> **Raw data**:
_ _ _ _

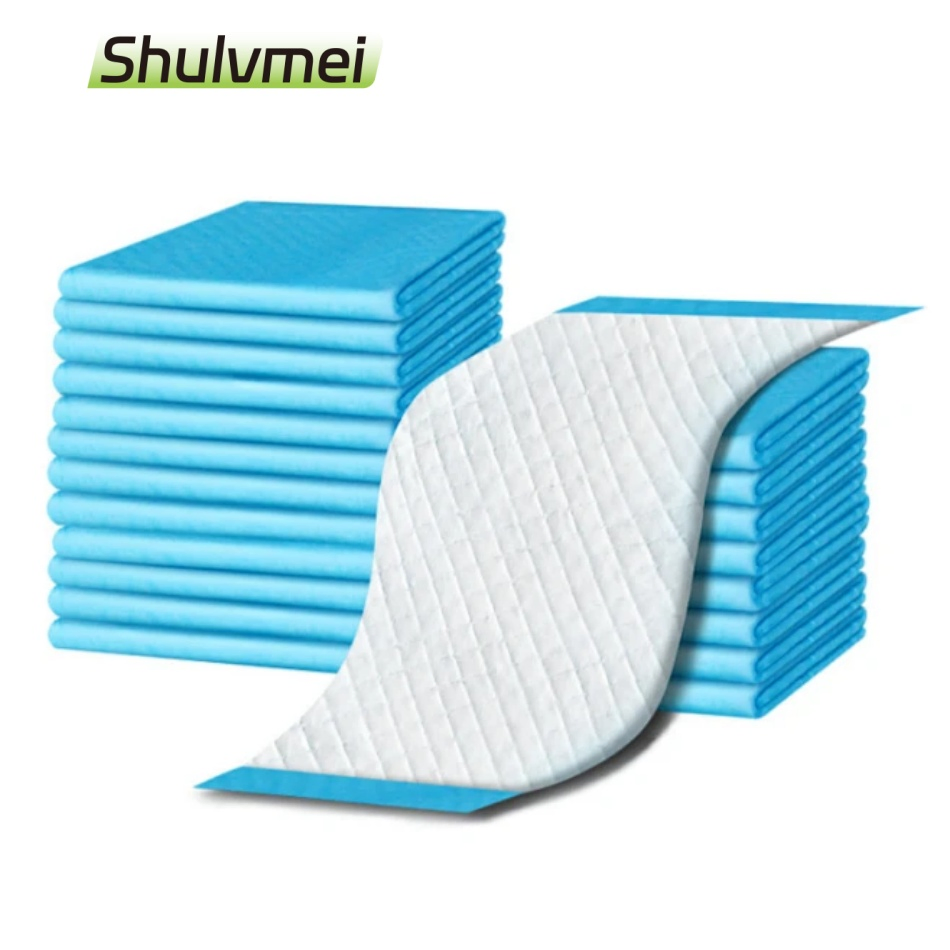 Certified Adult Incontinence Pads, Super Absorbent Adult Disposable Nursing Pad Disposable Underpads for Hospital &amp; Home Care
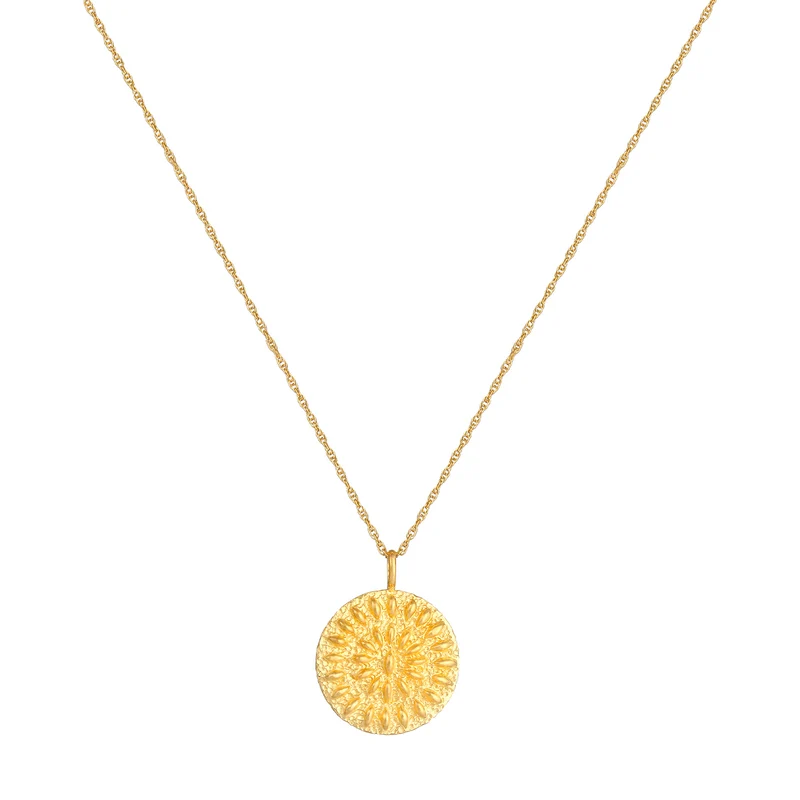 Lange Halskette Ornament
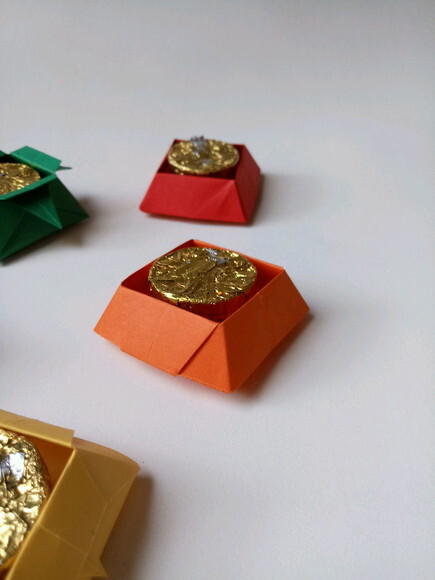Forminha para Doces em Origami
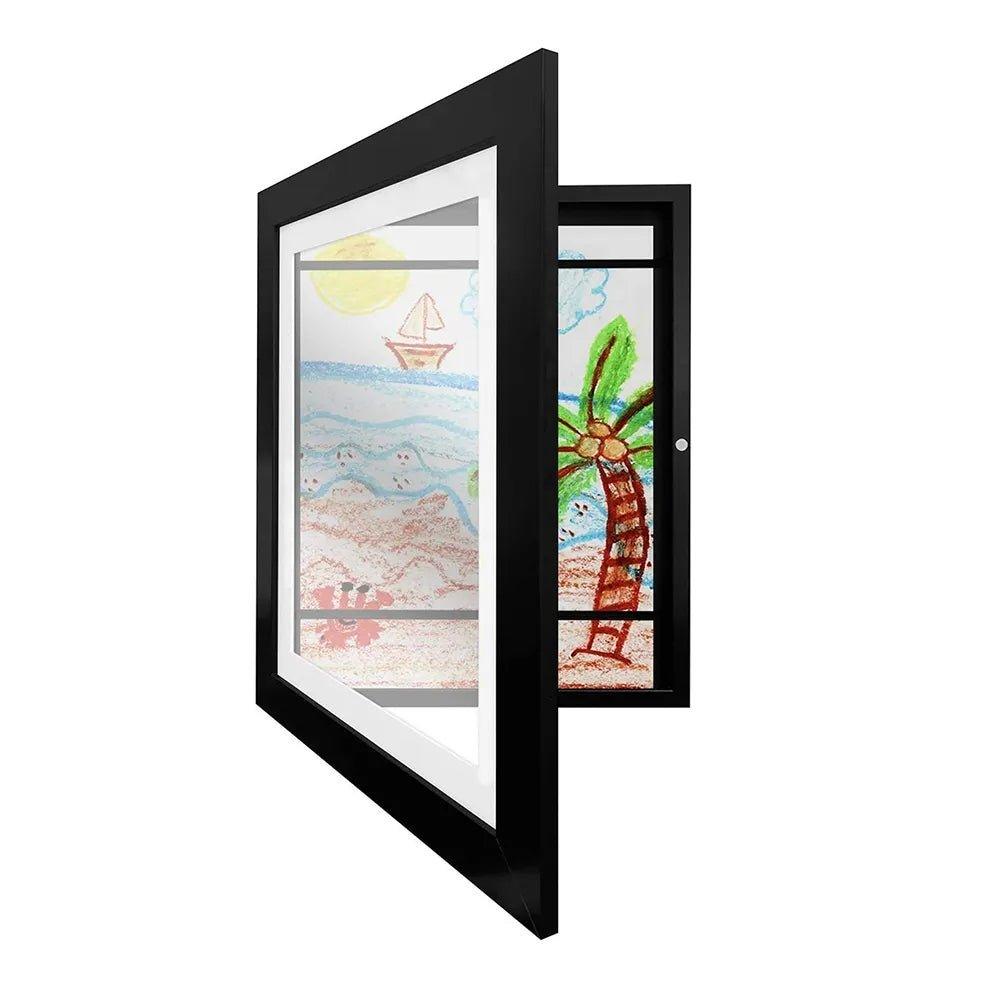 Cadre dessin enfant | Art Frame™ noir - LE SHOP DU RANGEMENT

_ _ _ _

> **Task details**: Set down the data again, exactly, without images.

> **Answer for this exercise**:
 Certified Adult Incontinence Pads, Super Absorbent Adult Disposable Nursing Pad Disposable Underpads for Hospital &amp; Home Care
 Lange Halskette Ornament
Forminha para Doces em Origami
 Cadre dessin enfant | Art Frame™ noir - LE SHOP DU RANGEMENT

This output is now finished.